Once more Jefferson is on the move, having been appointed (June 1, 1779) Governor of Virginia. About his term of office he writes but a few words, excusing the omission by stating that others have written about this period of Virginia history. Such evasion is probably best explained by the fact that his term of office was generally regarded as unsuccessful, most historians agreeing it was not a high point in an otherwise remarkable career of public service. But as usual, Jefferson then eased into yet another post, back in Congress representing Virginia. As before, little is accomplished here, Jefferson remarking how erratic attention, frequent recesses and the lack of an executive resulted in considerable laxity and irresolution. No doubt he was relieved when the Congress appointed him to join John Adams and Benjamin Franklin in Europe to negotiate commercial treaties. He soon discovered, however, that most nations “know little about us,” regarding Americans as mere “rebels who had been successful in throwing off the yoke of the mother country,” the exception being France, its “government entirely disposed to befriend us on all occasions.”
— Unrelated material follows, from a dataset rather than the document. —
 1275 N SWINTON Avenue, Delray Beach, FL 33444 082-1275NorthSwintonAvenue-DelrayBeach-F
Unfortunately for the Americans, the French government (so critical to American victory in the Revolutionary War), itself would succumb to revolution. Jefferson was on the scene during its early stages and begs readers to excuse him if he provides an overly detailed account of events there, which is what he does. “But I have thought it justified by the interest which the whole world must take in the revolution.” He is energized and reasonably hopeful about the prospect for reform, believing that the American Revolution had “awakened the thinking part of the French nation in general from the sleep of desperation in which they were sunk,” and that they were entirely justified in reacting against “the monstrous abuses of power, under which their people were ground to powder.” “I went daily from Paris to Versailles and attended their debates.” I was “much acquainted with the leading patriots of the Assembly,” who he tells us appreciated his role in America’s revolution “and had much confidence in me.” Alas, Jefferson writing his autobiography from the perspective of 1821 knows full well that early hopes dissolved into destructive upheavals and that the reformers “were unconscious (for who could foresee?) the melancholy sequel of their well-meant perseverance.”
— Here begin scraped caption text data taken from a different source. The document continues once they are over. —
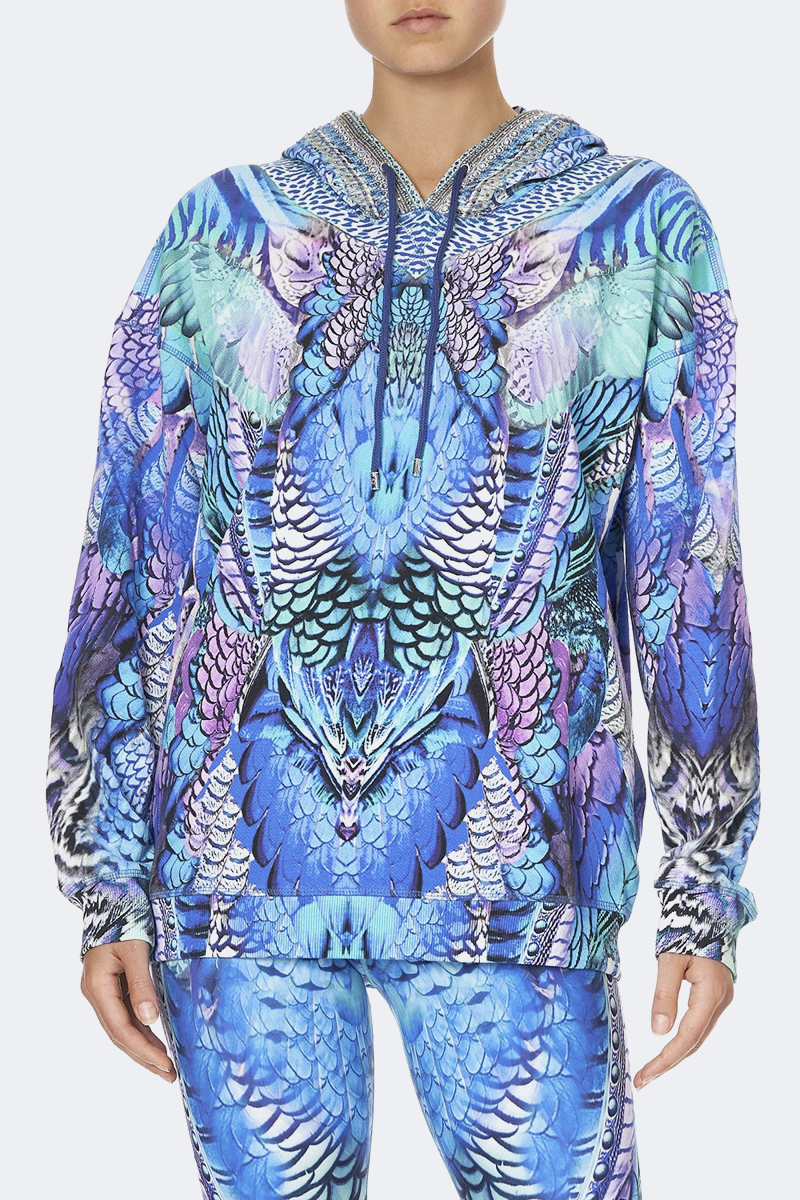 Hoody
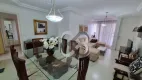 Foto 5 de Apartamento com 3 Quartos à venda, 101m² em Jardim Higienopolis, Londrina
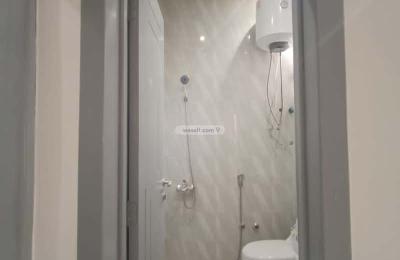 Floor 158 SQM with 4 Bedrooms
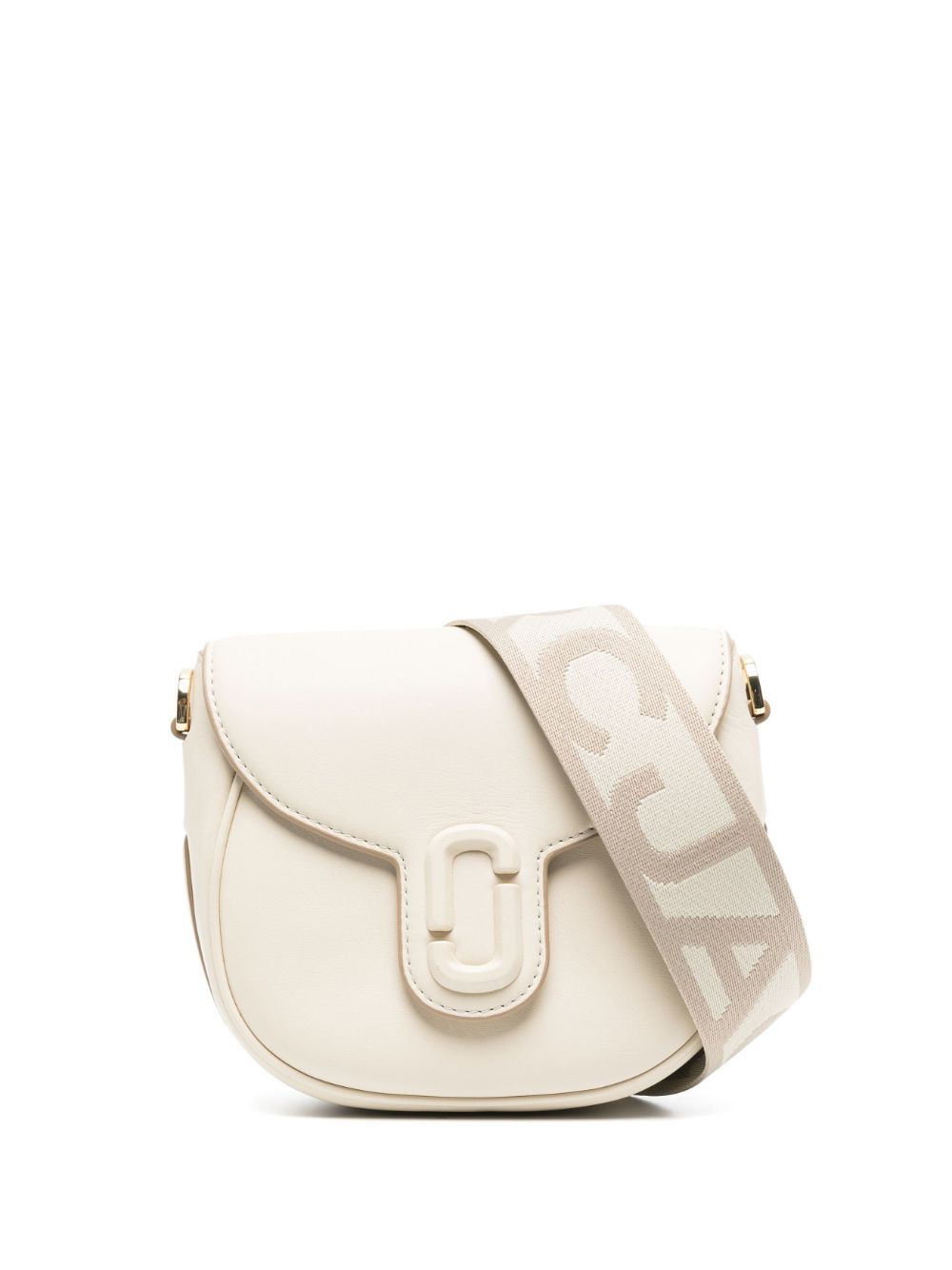 Marc Jacobs Cloud White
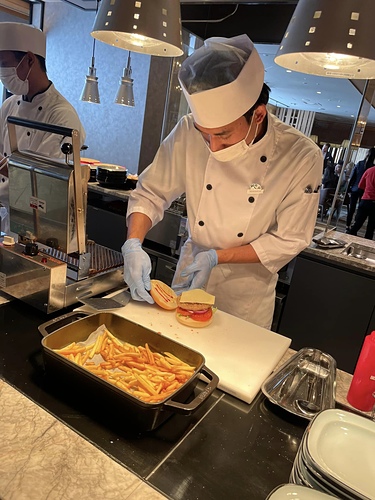 2023北海道5 (12).jpg - 2023日本旅遊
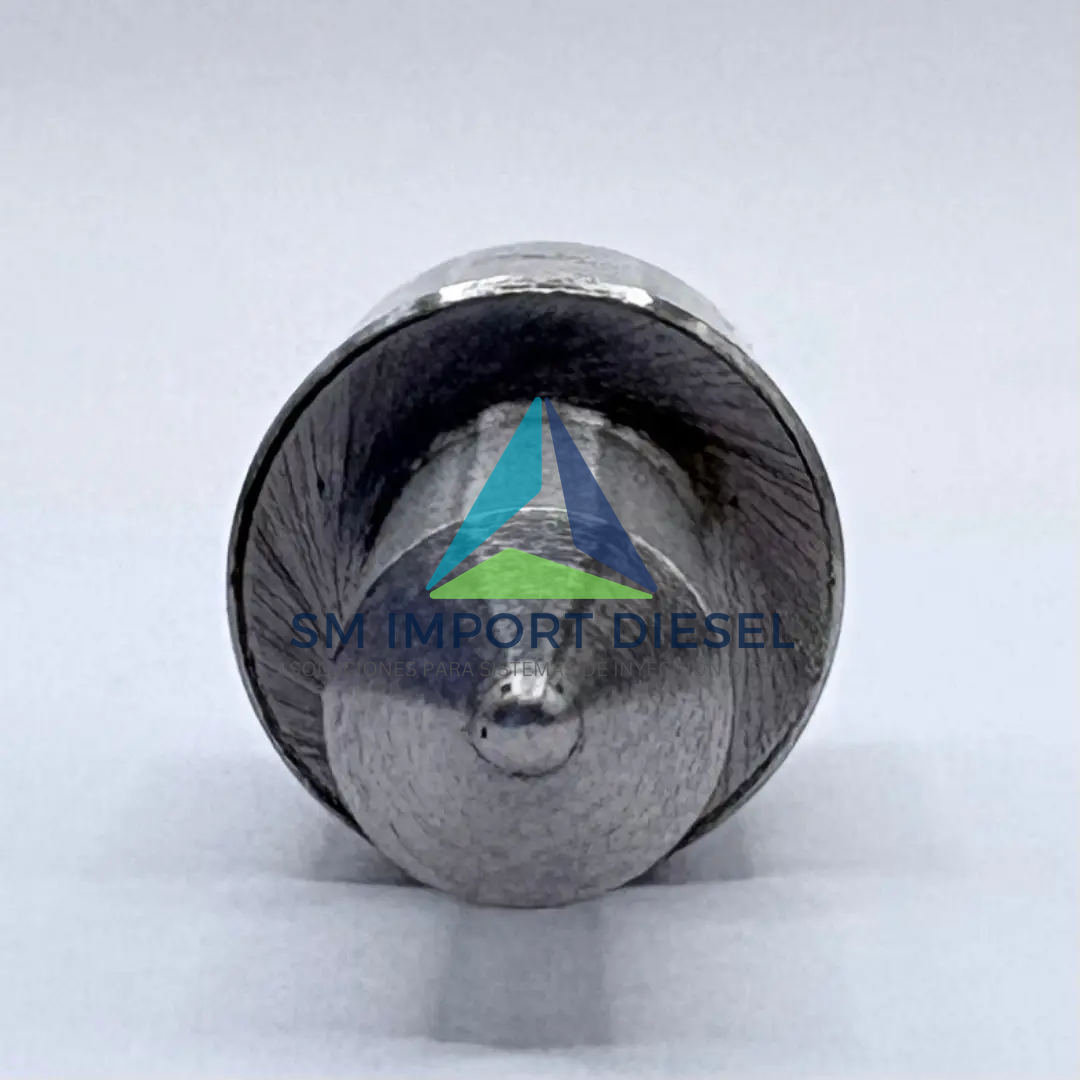 Tobera DLLA145SM277 miniatura 4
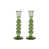 Basil is out of stock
But even as the French lost faith in their government, so had many Americans in the late 1780s, and one could even claim that they also overthrew their existing national structure, except that it was accomplished via a well ordered convention (albeit held in secret) which then submitted the new constitution to the people for their ratification. For all of this, Jefferson was not on the scene, had no role at the Philadelphia Constitutional Convention. He nevertheless applauded the fact that the “people as soon as they perceived the incompetence of their first compact, instead of leaving its correction to insurrectionists and civil war,” sent representatives to create a new framework of government. After receiving copies of the document, Jefferson wrote to James Madison and General Washington expressing “my approbations and objections.” The absence of a Bill of Rights disturbed him, as did the failure to limit a President to two terms. Without such limits he warned about the danger “of interference with money or arms by foreign nations, to whom the choice of an American president might become interesting.”
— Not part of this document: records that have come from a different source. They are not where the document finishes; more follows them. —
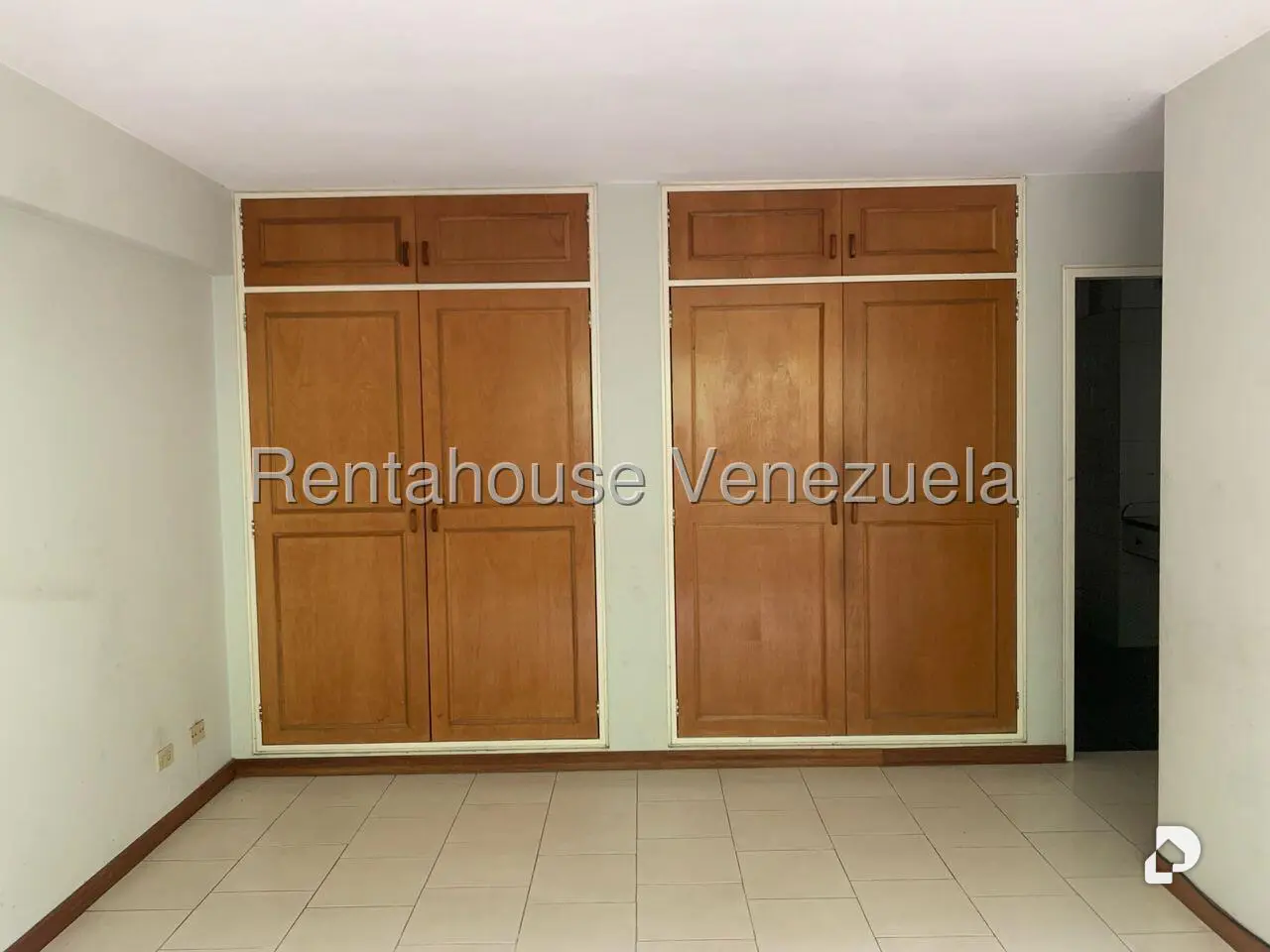 Apartamento en Terrazas del Ávila, Caracas – 16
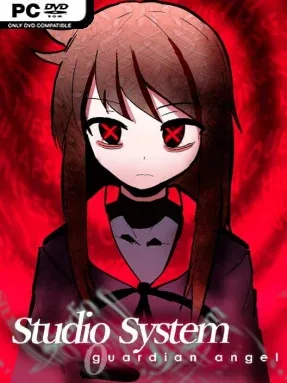 Studio System: Guardian Angel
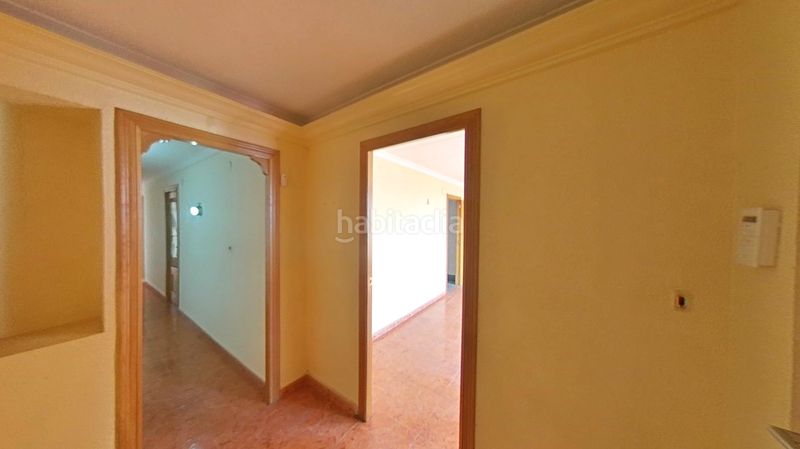 Foto a9be3e83-8485-4e46-be1f-4499a6123208. Loft a 5 5 a Algemesí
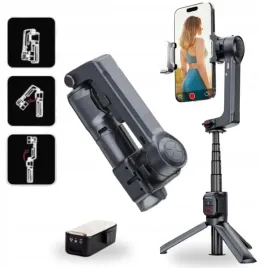 2-osiowy-stabilizator-gimbal-ze-swiatlem-wypelniajacym-statyw-a10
Whatever his misgivings, Jefferson was about to experience firsthand how well the new government would function. Summoned from France by President George Washington Jefferson would now serve as the nation’s first Secretary of State. And it is at this point that Jefferson’s Autobiography abruptly halts. He offers no explanation, even though he knew (in 1821) that he was about to embark on two exceptionally eventful decades of public life.
No matter. Let us appreciate the fact that he left us an autobiography of exceptional historical value, not by exposing the inner man, but by taking us step by step along a path he and fellow statesmen followed as they launched a wondrous national experiment.